'Re: [pypy-dev]'

[prev in list] [next in list] [prev in thread] [next in thread] 

List:       pypy-dev
Subject:    Re: [pypy-dev]
From:       Paolo Giarrusso <p.giarrusso () gmail ! com>
Date:       2009-03-30 18:38:31
Message-ID: a4d0c86c0903301138v1cd4d7d5lf294eefd13fd5e81 () mail ! gmail ! com
[Download RAW message or body]

On Mon, Mar 30, 2009 at 13:48, Christian Tismer <tismer@stackless.com> wrote:
> On 3/30/09 1:28 AM, Paolo Giarrusso wrote:
>>
>> On Thu, Mar 26, 2009 at 02:42, Leonardo Santagada<santagada@gmail.com>
>>  wrote:
>>>
>>> On Mar 25, 2009, at 9:27 PM, Christian Tismer wrote:
>>>
>>>> Hi friends,
>>>>
>>>> please have a look at this.
>>>> http://code.google.com/p/unladen-swallow/wiki/ProjectPlan
>>>>
>>>> is this YAIPAP ?
>>>> Yet Another Ignorant Python Acceleration Project
>>>>
>>>> I see them mentioning Hölzle and Self, and I see a reference to
>>>> Psyco where they want to steal from, but PyPy does not exist.
>>>>
>>>> IMHO, this is totally GAGA  - chris
>>
>> First, I suggest you have a look at the FAQ - when I did, I discovered
>> the developers are full-time Google engineers. Having said that, the
>> Google V8 group does not seem to be involved, and that's quite stupid.
>> However, I studied with Lars Bak and the base ideas he had are the
>> same.
>
> Interesting. Yes, I read the FAQ, but I don't know the people.
>
>> Missing knowledge of PyPy is also stupid obviously, but I wonder why
>> nobody proposed "hey, let's tell them"; fighting another project.
>> They'd sure benefit, for instance, from CALL_METHOD and
>> CALL_LIKELY_BUILTIN ideas (they mention among their purposes fixing
>> the performance problems addressed by CALL_LIKELY_BUILTIN, that's why
>> I mention these).
>
> Well, we could have contacted them.
> But (I'm speaking for myself) if they have decided to totally
> ignore a project like PyPy, then I think it is for a reason.
> Not knowing about PyPy means to close more than two eyes.
> Therefore I see no point in approaching them.

Well, there is a mention of this project on the PyPy blog (just
noticed), and they talk in term of "friendly competition". Since they
seem to know about PyPy, I wonder why it's not listed on the website.
But it's anyway by far incomplete (lots of interesting questions
weren't answered by those pages).

>> Also, they're already started with releasing.
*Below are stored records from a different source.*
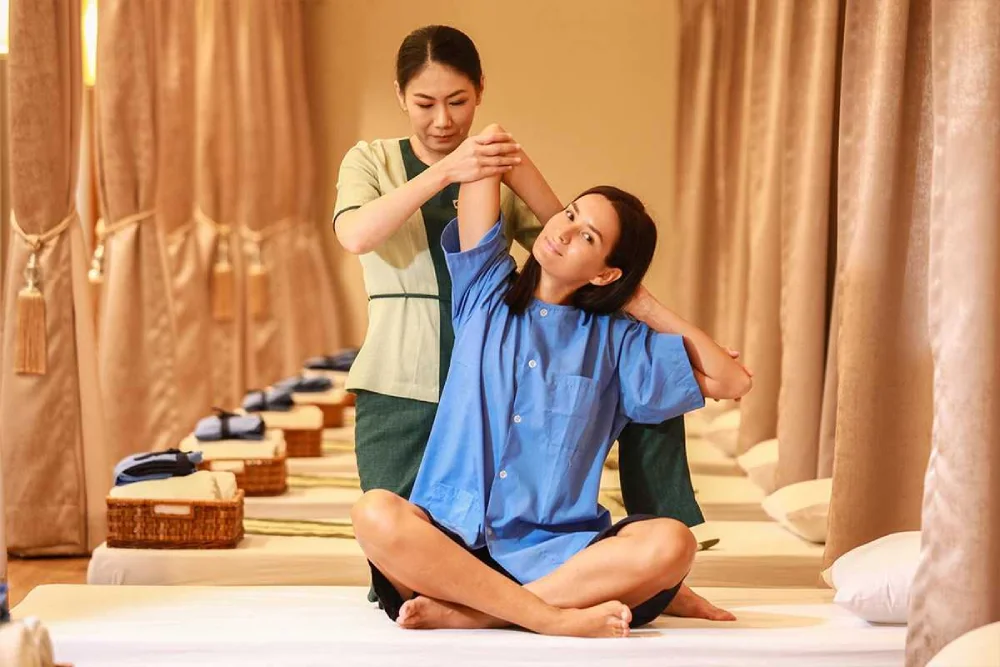 A massage therapist performing a traditional Thai massage on a client seated in a cross-legged position on a mat in a tranquil spa setting with earth-toned curtains and decor.

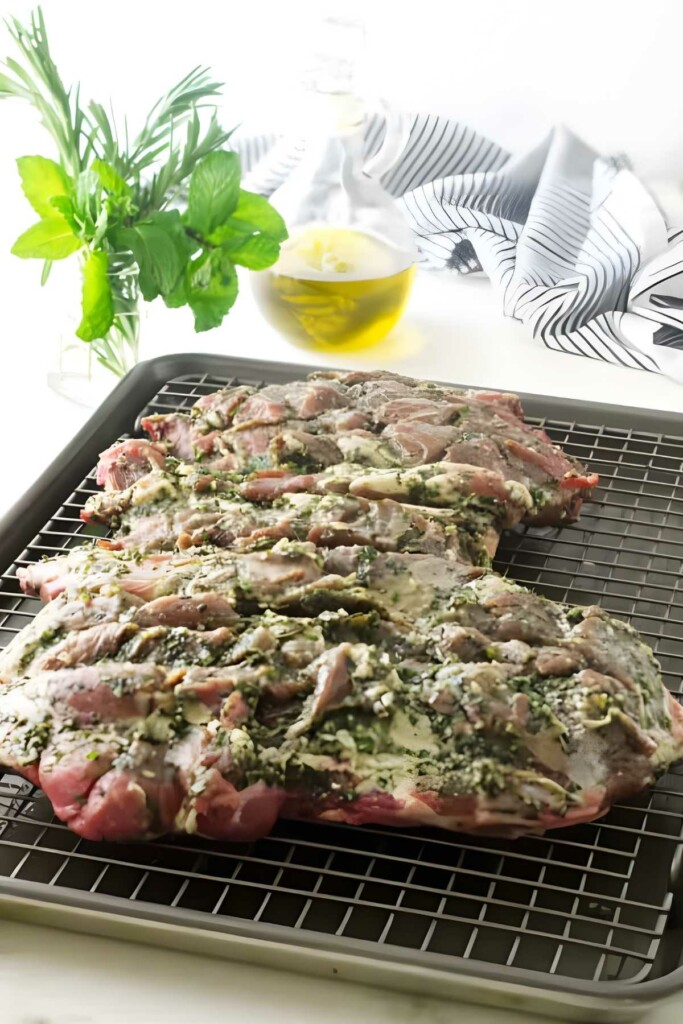 A butterflied leg of lamb with marinade. 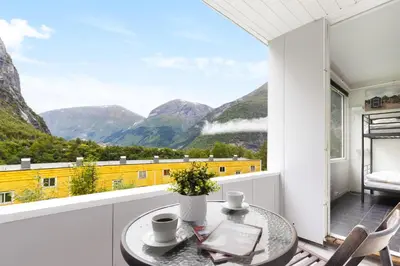 a balcony with a table and a view of mountains at Trolltunga Hostel in Tysso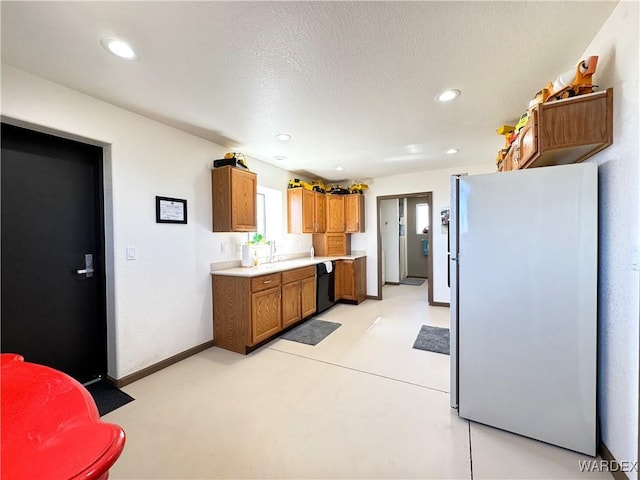 kitchen featuring baseboards, light countertops, black dishwasher, freestanding refrigerator, and brown cabinetry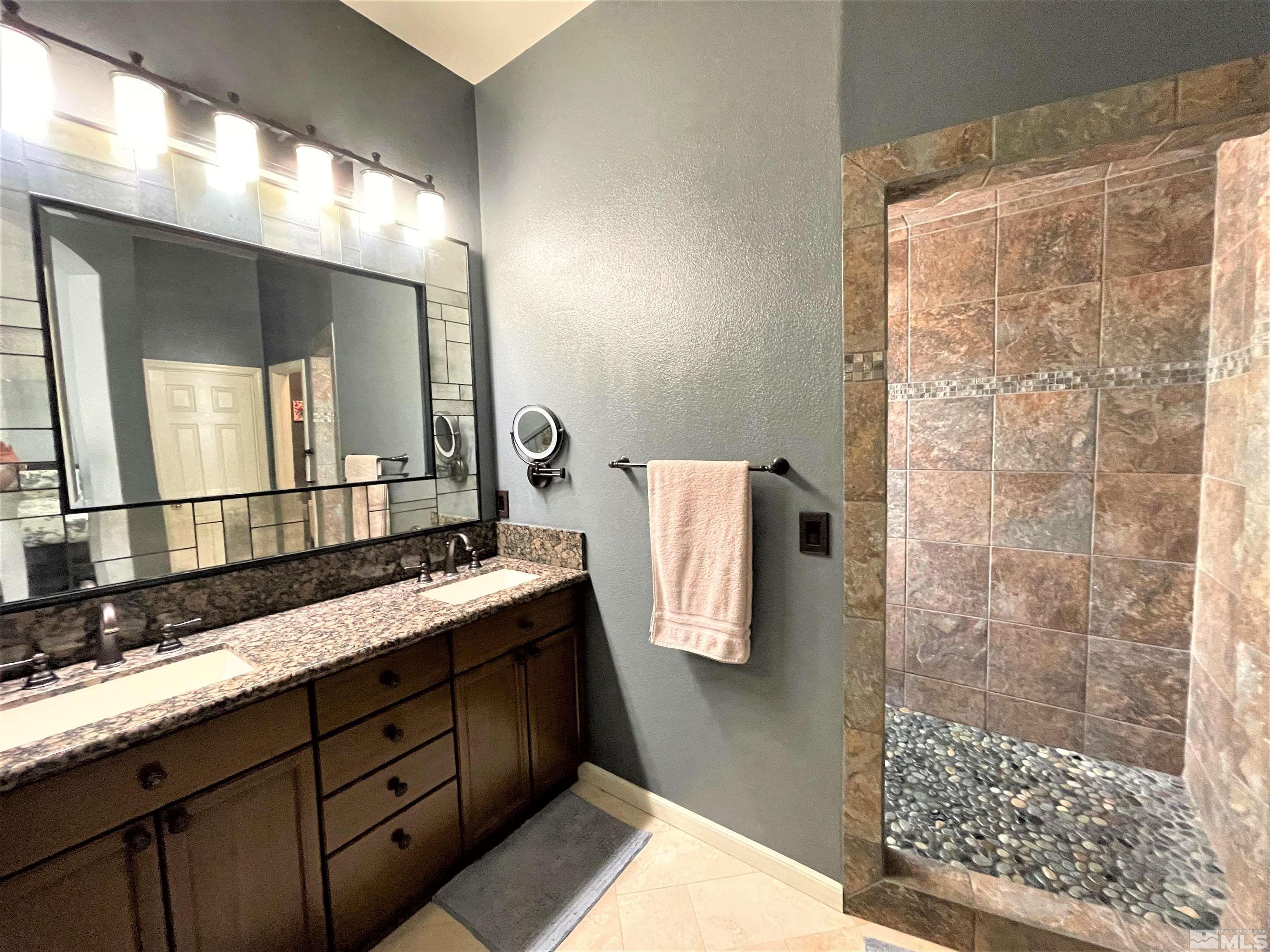 1710 Canyonlands Way Reno, NV 89521 - Photo 21 of 28 a bathroom with a double vanity sink mirror and shower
Have a look at their
>> benchmarks:
>> http://code.google.com/p/unladen-swallow/wiki/Releases
>>
>> Did you look at that because declaring it GAGA?
>
> My first perception of the project was a bit distorted.
> I saw this as an attempt to replace PyPy with something better,
> and it seemed GAGA to me to do that ignoring prior work.
>
> Now that I realize that the project has much smaller
> goals, it becomes more realistic.
>
> The Q1 goals are relatively doable without doubt. The current
> achievements speedwise remind me of the anxient Python2C project.
> It showed the typical acceleration by a factor of around 2, which
> is what you can expect when eliminating the interpreter loop.
>
>>> I was reading it earlier, the simpler ideas, like making pickle faster
>>> and most of q1 deliverables seems nice, and could really help python
>>> right now, but those seems more like the things Need For Speed sprint
>>> was doing.
>
> Yes, Need for Speed did small, doable things.
>
>>> Not the LLVM-JIT, new GC, eliminate the GIL seems
>>> unrealistic, even the pace of the project seems to be counting on tons
>>> of new developers joining the project after the Q1 milestone.
>>
>> Well, the milestones seem crazy but they did achieve something notable
>> in their Q1 deliverable, but most of the ideas seem correct.
>
> Q1 is fine, but it does by no means give any proof that the next
> milestones can be achieved.
>
>> "Eliminate the GIL" is not hard by itself, the problem (IMHO, no hard
>> numbers for that) is that it's impossible with refcounting (because of
>> the cost of atomic refcount manipulation). The author of the old "free
>> threading" patch mentioned only another problem, that is locking
>> around name lookups in mutable name dictionaries (for looking up
>> object members, globals, etc.), which can also be approached (and I
>> think refcount manipulation is a bigger issue).
>
> As I remember that patch, the overhead was around 40%, mostly because
> of reference counting.

You're right, but I couldn't find someone stating that it was due to
reference counting, on the MLs or on FAQs. The mention of dictionaries
(which are probably also a problem) was from the author of the patch,
Greg Stein:

http://mail.python.org/pipermail/python-dev/2001-August/017099.html

> I guess nobody actually goes this path,
> because it is such a waste, compared to multiple processes, and doing
> it "right" (where I'm referring to some Java achievements I heard of)
> is pretty much of a total re-write of Python.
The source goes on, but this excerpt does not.